Segment Start: MATERIAL SUPPLIED
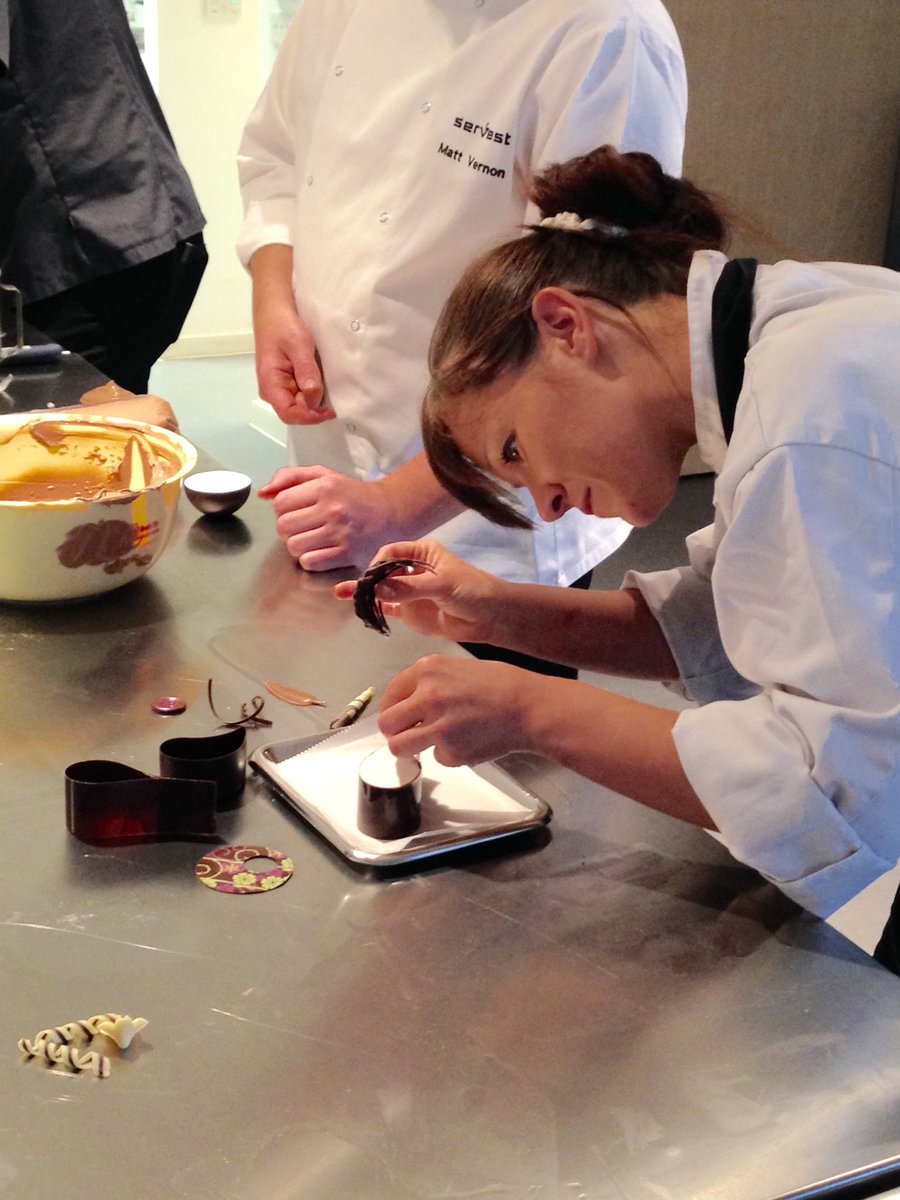 AtalianServest's tweet photo. The @Servest_UK #culinaryclassroom #chocolate #workshop is well underway. #trainingmadefun https://t.co/gU9dWvGonX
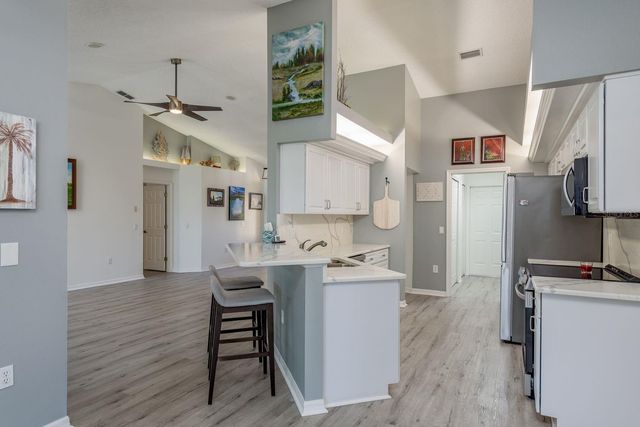 9742 OAKWOOD HILLS COURT, New Port Richey, FL 34655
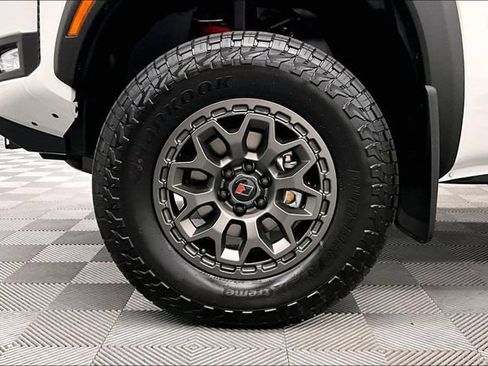 New 2026 Nissan Frontier PRO-4X AWD/4WD image 13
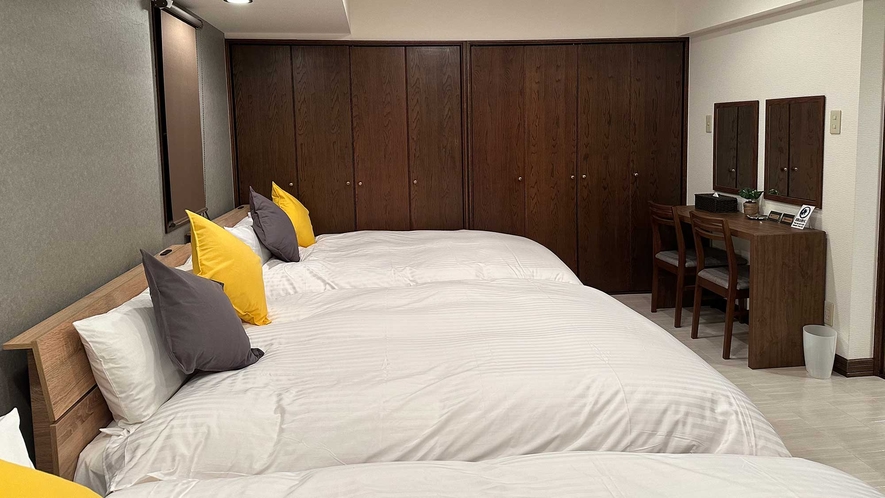 ・【7階フロア】寝室は2室完備！セミダブル3台でファミリー層にもおすすめ！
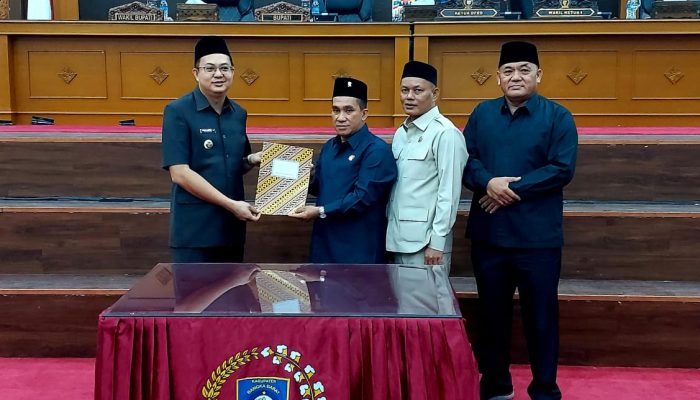 Oktorazsari Pimpim Paripurna Pengambilan Keputusan Terhadap Raperda
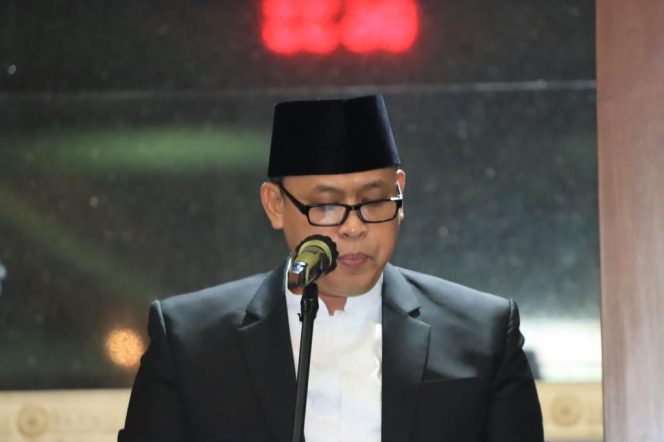 
 Pesan Plt Wali Kota Bekasi: Sambut Idul Fitri Dengan Penuh Rasa Syukur dan Pererat Tali Ukhuwah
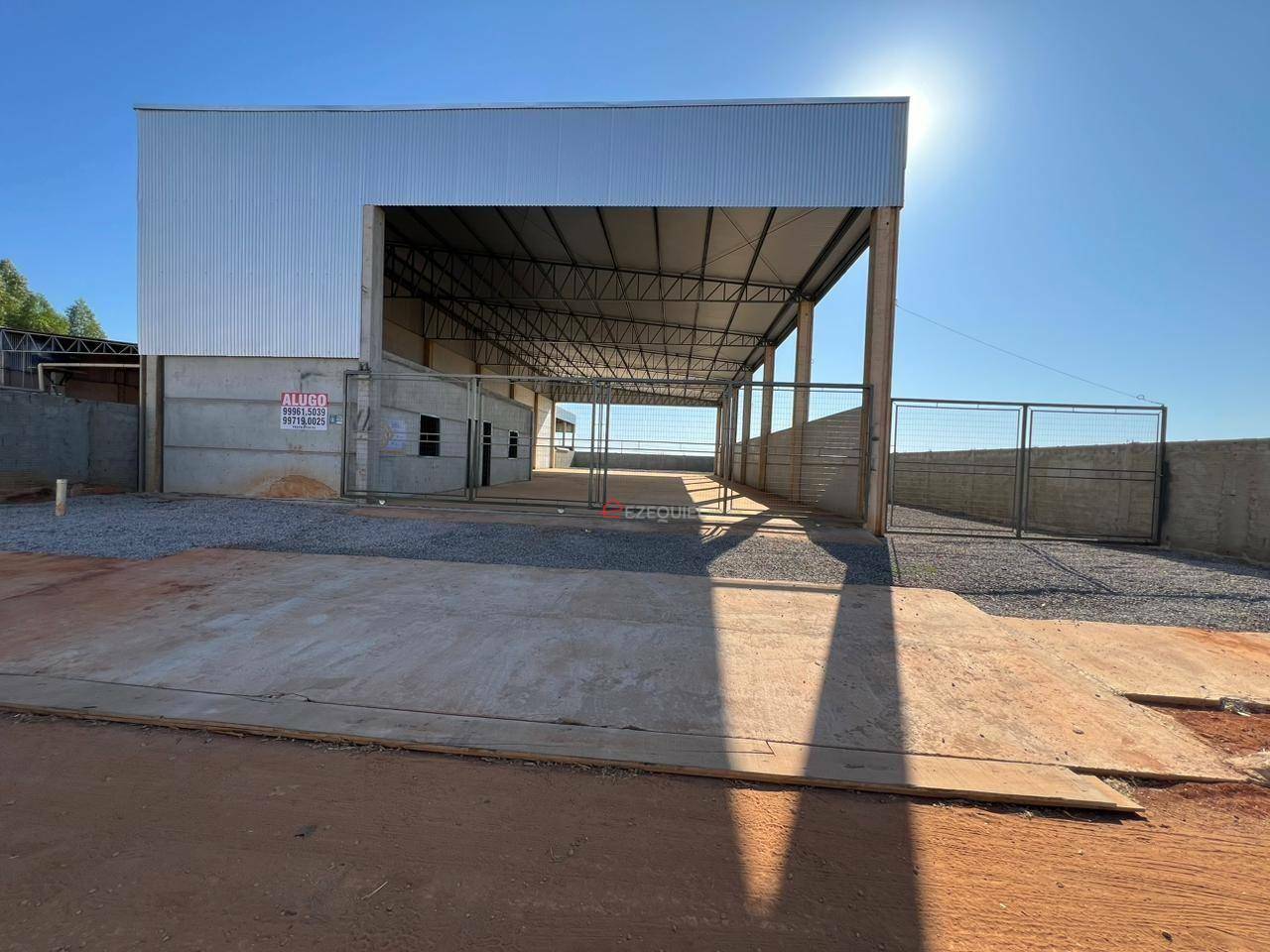 Depósito-Galpão, 700 m² - Foto 1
Segment End: MATERIAL SUPPLIED
WORK INSTRUCTION ->
Reproduce the lines above exactly, image-free.

SOLVED EXERCISE ->
 AtalianServest's tweet photo. The @Servest_UK #culinaryclassroom #chocolate #workshop is well underway. #trainingmadefun https://t.co/gU9dWvGonX
 9742 OAKWOOD HILLS COURT, New Port Richey, FL 34655
 New 2026 Nissan Frontier PRO-4X AWD/4WD image 13
 ・【7階フロア】寝室は2室完備！セミダブル3台でファミリー層にもおすすめ！
 Oktorazsari Pimpim Paripurna Pengambilan Keputusan Terhadap Raperda
 Pesan Plt Wali Kota Bekasi: Sambut Idul Fitri Dengan Penuh Rasa Syukur dan Pererat Tali Ukhuwah
 Depósito-Galpão, 700 m² - Foto 1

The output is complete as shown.